To provide flexibility and allow you to work with lots of different formats, we allow you to choose additional input formats, and those files get converted to the primary format on upload. Having said that, we do provide the option to download the original file or the converted file, so you can still get the original file.
There are other reasons why people may want to convert formats. For example, it’s easier to work with PDFs, which is why we allow pptx and docx files as additional input formats, but not as a primary format. Someone may have a jpeg image which is a scanned document and they may want to convert that into a pdf as it is makes more sense and can be treated in the same way as all their other documents.
Generally, if you have a lot of images that don’t represent documents, you are unlikely to want to process them in the same way as your documents, or even your audio files, so having the semantic distinction is useful.
However, we have been working on a new media set schema type called multimodal. This is designed to allow any file formats to be uploaded, and they don’t get converted to any other format. This means you can’t process the media set in the same way (eg. you can’t extract text from everything in your media set if some of the items are audio files) as the other schema types. We will be releasing this in the next month or two, and that might help with your use case
I’d be curious to understand why you don’t want to convert files on upload?
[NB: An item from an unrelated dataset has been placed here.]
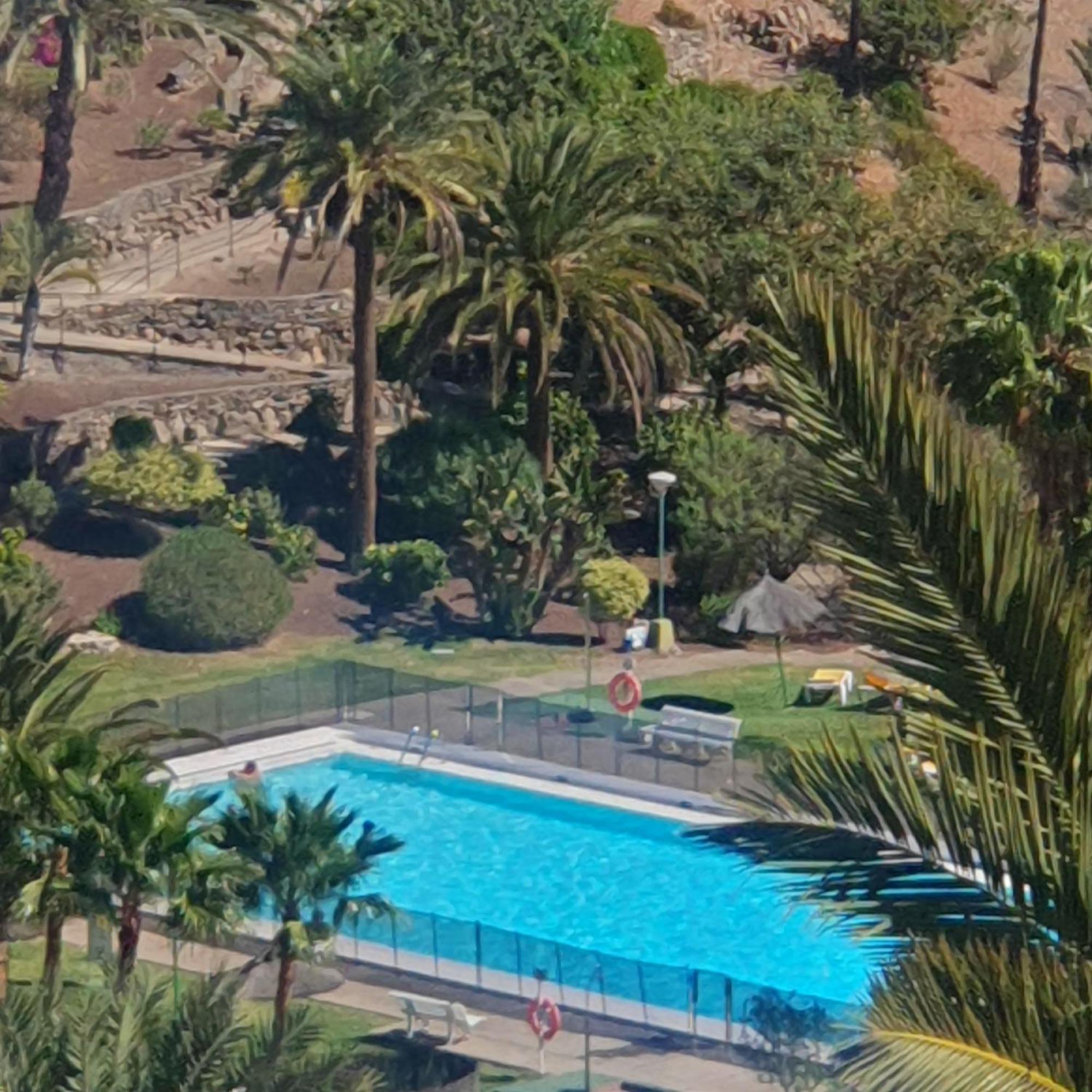 Casa Panorama 314 San Agustin Maspalomas 외부 사진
Thank you for the detailed explanation. It makes more sense now why you might want to auto-convert documents at times.
In our current use-case, we are simply moving files from a Foundry dataset (synced from an SFTP) to another Foundry dataset (which is exported to SharePoint). Before the copy operation, we were converting the files into a media set and then using the file paths as identifier to copy the raw files across. With the auto-convert, some of the file paths were changing and the copy operation then failed.
After your input, we realize that we could likely achieve our goal without converting the docs to a media set, as the media items are not really needed in the Ontology at the moment.
Thanks for all the info. Feel free to let us know if there’s anything else to consider that we might have missed.